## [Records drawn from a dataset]
++++++++++

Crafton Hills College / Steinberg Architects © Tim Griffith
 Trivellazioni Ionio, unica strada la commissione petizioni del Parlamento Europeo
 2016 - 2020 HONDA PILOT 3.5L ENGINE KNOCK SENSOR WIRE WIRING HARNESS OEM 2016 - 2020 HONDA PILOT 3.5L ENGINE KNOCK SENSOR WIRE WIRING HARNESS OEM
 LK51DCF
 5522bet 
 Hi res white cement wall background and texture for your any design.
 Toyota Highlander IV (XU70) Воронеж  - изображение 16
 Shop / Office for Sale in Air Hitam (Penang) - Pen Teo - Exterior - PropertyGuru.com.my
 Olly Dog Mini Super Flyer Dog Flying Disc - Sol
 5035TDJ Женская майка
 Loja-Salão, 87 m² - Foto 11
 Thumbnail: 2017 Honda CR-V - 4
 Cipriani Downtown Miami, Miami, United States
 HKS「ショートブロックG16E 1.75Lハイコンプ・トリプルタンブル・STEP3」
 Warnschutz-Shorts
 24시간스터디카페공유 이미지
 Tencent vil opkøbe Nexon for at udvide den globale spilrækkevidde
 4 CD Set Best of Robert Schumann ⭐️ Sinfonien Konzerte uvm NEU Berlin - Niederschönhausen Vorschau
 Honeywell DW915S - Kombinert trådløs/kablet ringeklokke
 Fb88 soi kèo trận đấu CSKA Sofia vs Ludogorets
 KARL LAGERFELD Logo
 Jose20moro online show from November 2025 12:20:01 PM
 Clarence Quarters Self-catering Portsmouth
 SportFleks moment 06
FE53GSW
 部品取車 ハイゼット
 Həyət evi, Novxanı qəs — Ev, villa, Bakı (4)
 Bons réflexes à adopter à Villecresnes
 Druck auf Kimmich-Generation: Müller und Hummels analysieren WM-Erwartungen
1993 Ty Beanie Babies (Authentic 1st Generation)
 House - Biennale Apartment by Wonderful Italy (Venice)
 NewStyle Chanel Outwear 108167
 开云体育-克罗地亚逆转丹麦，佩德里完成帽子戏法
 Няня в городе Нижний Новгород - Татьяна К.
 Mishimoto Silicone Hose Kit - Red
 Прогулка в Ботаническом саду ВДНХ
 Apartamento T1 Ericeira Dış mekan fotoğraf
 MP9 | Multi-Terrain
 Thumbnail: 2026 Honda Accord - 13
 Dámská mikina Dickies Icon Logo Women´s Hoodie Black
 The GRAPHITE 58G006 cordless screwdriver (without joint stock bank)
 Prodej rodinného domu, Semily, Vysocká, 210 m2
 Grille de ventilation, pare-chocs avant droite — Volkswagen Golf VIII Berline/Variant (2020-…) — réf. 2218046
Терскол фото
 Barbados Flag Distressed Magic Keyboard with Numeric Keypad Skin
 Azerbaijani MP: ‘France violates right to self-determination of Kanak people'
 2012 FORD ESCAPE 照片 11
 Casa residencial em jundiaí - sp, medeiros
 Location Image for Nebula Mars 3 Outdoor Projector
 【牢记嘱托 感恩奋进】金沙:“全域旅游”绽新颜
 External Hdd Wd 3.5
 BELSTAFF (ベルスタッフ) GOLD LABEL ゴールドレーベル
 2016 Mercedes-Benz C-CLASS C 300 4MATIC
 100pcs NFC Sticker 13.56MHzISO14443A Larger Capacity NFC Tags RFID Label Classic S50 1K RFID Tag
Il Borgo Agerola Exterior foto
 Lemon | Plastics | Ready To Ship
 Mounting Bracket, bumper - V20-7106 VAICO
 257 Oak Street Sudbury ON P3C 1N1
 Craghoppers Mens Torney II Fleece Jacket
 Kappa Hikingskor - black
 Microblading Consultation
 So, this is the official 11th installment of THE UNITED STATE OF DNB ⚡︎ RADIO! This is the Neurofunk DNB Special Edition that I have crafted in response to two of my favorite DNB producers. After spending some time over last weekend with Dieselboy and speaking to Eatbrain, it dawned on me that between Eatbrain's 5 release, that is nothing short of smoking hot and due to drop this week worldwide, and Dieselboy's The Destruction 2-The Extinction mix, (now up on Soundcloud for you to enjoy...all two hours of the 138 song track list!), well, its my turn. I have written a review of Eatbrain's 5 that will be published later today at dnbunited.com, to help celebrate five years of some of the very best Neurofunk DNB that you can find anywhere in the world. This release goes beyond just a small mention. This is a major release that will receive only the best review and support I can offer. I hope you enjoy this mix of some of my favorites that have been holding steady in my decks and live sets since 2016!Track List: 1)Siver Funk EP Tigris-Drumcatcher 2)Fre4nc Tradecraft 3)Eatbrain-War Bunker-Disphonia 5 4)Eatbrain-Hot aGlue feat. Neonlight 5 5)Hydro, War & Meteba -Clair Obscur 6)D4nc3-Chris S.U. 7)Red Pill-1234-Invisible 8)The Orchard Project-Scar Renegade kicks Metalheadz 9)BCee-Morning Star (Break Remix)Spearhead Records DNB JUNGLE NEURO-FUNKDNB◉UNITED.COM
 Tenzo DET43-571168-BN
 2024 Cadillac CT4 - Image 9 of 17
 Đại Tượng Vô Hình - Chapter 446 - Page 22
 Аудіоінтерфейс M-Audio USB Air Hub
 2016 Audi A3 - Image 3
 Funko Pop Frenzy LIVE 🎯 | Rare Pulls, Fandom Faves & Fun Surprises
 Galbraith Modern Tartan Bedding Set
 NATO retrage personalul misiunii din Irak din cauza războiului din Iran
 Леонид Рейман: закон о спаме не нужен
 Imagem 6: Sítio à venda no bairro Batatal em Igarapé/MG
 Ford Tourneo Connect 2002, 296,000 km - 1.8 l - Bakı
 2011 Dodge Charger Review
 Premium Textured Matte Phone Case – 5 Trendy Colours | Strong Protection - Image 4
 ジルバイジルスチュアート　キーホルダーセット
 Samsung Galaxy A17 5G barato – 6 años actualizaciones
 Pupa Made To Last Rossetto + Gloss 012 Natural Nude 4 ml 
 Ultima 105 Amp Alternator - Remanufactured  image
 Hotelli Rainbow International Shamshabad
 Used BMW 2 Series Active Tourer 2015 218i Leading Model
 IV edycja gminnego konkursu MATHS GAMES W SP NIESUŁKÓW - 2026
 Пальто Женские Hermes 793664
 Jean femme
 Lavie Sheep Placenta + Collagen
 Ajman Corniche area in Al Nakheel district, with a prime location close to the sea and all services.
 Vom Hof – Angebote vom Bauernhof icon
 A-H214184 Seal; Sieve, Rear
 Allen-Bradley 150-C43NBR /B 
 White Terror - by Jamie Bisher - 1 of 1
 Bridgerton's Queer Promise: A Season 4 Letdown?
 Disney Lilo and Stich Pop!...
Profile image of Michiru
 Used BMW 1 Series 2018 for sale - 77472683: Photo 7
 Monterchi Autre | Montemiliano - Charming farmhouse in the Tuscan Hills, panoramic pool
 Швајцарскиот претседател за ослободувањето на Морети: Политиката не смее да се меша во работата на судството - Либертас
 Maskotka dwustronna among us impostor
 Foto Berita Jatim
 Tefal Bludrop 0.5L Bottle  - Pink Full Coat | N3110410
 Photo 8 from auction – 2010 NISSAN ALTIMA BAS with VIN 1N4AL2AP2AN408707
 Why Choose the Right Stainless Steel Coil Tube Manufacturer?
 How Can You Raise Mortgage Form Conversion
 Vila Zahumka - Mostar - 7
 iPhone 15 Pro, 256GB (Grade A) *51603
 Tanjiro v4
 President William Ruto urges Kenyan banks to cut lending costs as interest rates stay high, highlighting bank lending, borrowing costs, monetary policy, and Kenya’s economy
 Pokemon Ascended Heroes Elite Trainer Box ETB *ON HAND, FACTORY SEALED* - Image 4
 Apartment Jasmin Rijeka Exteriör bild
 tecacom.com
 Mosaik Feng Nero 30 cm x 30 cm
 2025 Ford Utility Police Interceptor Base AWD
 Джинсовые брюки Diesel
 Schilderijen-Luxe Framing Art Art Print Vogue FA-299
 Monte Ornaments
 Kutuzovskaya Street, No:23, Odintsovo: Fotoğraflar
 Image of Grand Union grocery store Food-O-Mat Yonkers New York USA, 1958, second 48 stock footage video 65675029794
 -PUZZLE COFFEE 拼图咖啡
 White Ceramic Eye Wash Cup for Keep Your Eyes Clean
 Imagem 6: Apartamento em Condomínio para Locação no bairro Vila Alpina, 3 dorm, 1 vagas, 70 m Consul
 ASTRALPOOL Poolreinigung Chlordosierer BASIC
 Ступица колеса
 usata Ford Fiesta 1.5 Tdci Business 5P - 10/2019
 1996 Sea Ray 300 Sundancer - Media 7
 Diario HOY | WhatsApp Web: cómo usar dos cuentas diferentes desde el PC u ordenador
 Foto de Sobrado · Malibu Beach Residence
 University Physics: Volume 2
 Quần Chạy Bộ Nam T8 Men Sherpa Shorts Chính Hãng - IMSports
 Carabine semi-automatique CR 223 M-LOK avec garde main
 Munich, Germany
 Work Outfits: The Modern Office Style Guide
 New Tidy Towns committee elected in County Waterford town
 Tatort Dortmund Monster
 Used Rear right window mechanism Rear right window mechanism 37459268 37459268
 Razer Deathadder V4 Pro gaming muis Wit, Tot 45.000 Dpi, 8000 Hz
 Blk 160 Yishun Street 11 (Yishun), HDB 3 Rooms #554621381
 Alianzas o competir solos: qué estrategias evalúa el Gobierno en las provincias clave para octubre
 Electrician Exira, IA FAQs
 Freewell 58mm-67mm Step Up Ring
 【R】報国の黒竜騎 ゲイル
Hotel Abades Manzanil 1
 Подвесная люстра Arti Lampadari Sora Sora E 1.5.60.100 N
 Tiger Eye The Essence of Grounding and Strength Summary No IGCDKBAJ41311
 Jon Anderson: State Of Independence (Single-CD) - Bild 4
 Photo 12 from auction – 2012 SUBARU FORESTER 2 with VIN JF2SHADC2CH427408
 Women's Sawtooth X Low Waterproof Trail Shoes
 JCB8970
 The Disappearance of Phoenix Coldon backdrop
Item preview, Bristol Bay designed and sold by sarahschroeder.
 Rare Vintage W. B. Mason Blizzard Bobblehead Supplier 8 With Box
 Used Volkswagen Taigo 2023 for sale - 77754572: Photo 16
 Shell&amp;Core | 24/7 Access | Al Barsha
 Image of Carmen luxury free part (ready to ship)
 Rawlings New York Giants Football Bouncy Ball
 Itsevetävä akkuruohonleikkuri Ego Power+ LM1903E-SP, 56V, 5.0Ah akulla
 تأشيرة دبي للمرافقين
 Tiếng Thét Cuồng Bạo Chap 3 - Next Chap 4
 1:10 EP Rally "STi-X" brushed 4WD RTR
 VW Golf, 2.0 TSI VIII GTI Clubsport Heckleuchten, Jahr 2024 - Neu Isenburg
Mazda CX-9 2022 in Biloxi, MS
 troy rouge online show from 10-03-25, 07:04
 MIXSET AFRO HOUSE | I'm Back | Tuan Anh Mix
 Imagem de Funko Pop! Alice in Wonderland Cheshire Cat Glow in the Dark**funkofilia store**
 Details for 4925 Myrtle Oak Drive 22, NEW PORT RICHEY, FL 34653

++++++++++

## [About this exercise]
From the entries above, restate word for word the lines from the line containing "Clarence Quarters Self-catering Portsmouth" to the line containing "Apartamento T1 Ericeira Dış mekan fotoğraf", both ends included, and nothing more.

## [Output of the exercise]
 Clarence Quarters Self-catering Portsmouth
 SportFleks moment 06
FE53GSW
 部品取車 ハイゼット
 Həyət evi, Novxanı qəs — Ev, villa, Bakı (4)
 Bons réflexes à adopter à Villecresnes
 Druck auf Kimmich-Generation: Müller und Hummels analysieren WM-Erwartungen
1993 Ty Beanie Babies (Authentic 1st Generation)
 House - Biennale Apartment by Wonderful Italy (Venice)
 NewStyle Chanel Outwear 108167
 开云体育-克罗地亚逆转丹麦，佩德里完成帽子戏法
 Няня в городе Нижний Новгород - Татьяна К.
 Mishimoto Silicone Hose Kit - Red
 Прогулка в Ботаническом саду ВДНХ
 Apartamento T1 Ericeira Dış mekan fotoğraf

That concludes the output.